Need advice from experienced Product Managers at tech product companies.
This is my first job. I come from an IIT with top of the class grades (in a non-IT branch with no DSA prep) and had very strong extra-curriculars too. Having said that, I was a top candidate for consulting roles as well as product roles on campus. As fate would have it, I got into a PM role. Now I have always been fascinated by the role solely because it was always glorified as 'the Entrepreneur to be' role. (at least to me, that was the entire USP of it).
It has been a few months for me in Product. During the prep, there is all the Product thinking and user empathy, maybe some ask of data analysis. But when it comes to the real job, I am barely ever able to get my hands on the first two. All the time gets used up in execution because my company is too lean to have any dedicated project managers (the pay is great though). The remaining time goes in data retrieval (not analysis) because apparently PMs and SPMs don't write queries or interact with users. They opine (what their manager opines up the ladder) I fear if it's the same everywhere else. It was like this at my previous organisation (internship, non tech) where the CEO yelled at people when on-ground numbers did not reflect his thoughts. The only difference here is that there is no yelling, just subtle corporate HR cushioned pressure.

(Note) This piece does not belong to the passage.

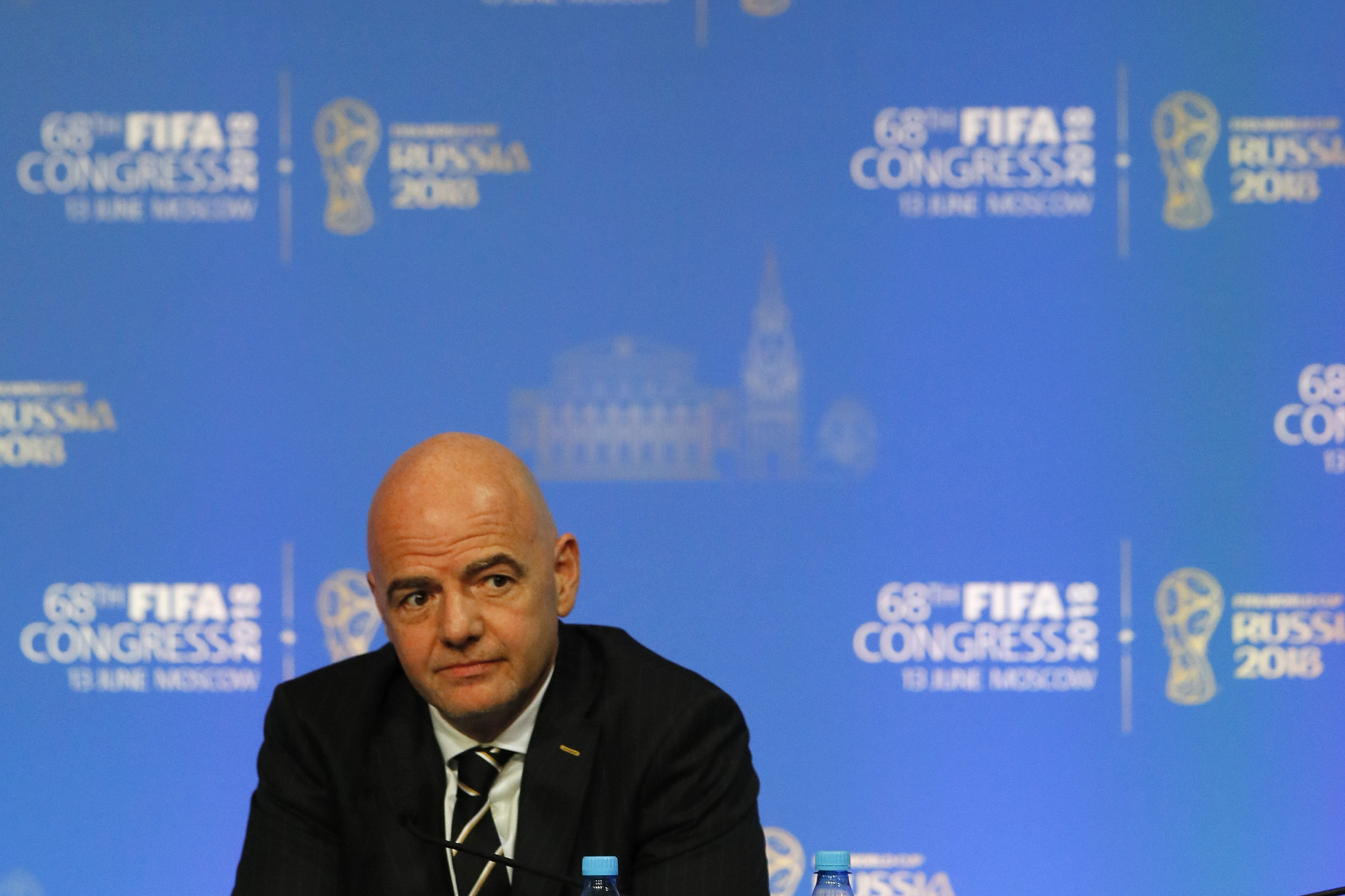 FIFA President Gianni Infantino also announced his re-election plans today ©Getty Images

Maybe it is the 'fast moving' nature of the organisation but the best that I can describe it as is a feature shipping factory with no aim for differentiation whatsoever. All ideas are built from the incumbents' implementations. Any attempt at differentiation is shot down (by middle management) whose primary metric is the number of features against their name at the end of the appraisal cycle. While top down, this may look great: we are trying 100 things, getting 90 of them correct. But there's a possibility that we could have done 92 things, 91 correct, 1 wrong. But the 1 extra correct thing could have been something novel that the users actually wanted. The chances of this happening are not so bleak, in my opinion, because the high level (upper management) cannot possibly be in touch with the on ground reality (no matter how much they claim it in their linkedin posts).
I am told that I should push engineers towards the solutions that will be the fastest (even if they callout potential tech debt) so that more features can be shipped in the least amount of time.
Now, I really don't aspire to be like the people who are above me. And I don't know if it's a normal thing. I don't want to become the person who imposes their 'hunch' (just a copy of what some other app did 2 years back) onto the actual owner of the project when data is inconclusive. I don't find any intellectual stimulation in it.
Am I PM-ing wrong? Am I PM-ing in the wrong Org? Or am I not meant to be a PM?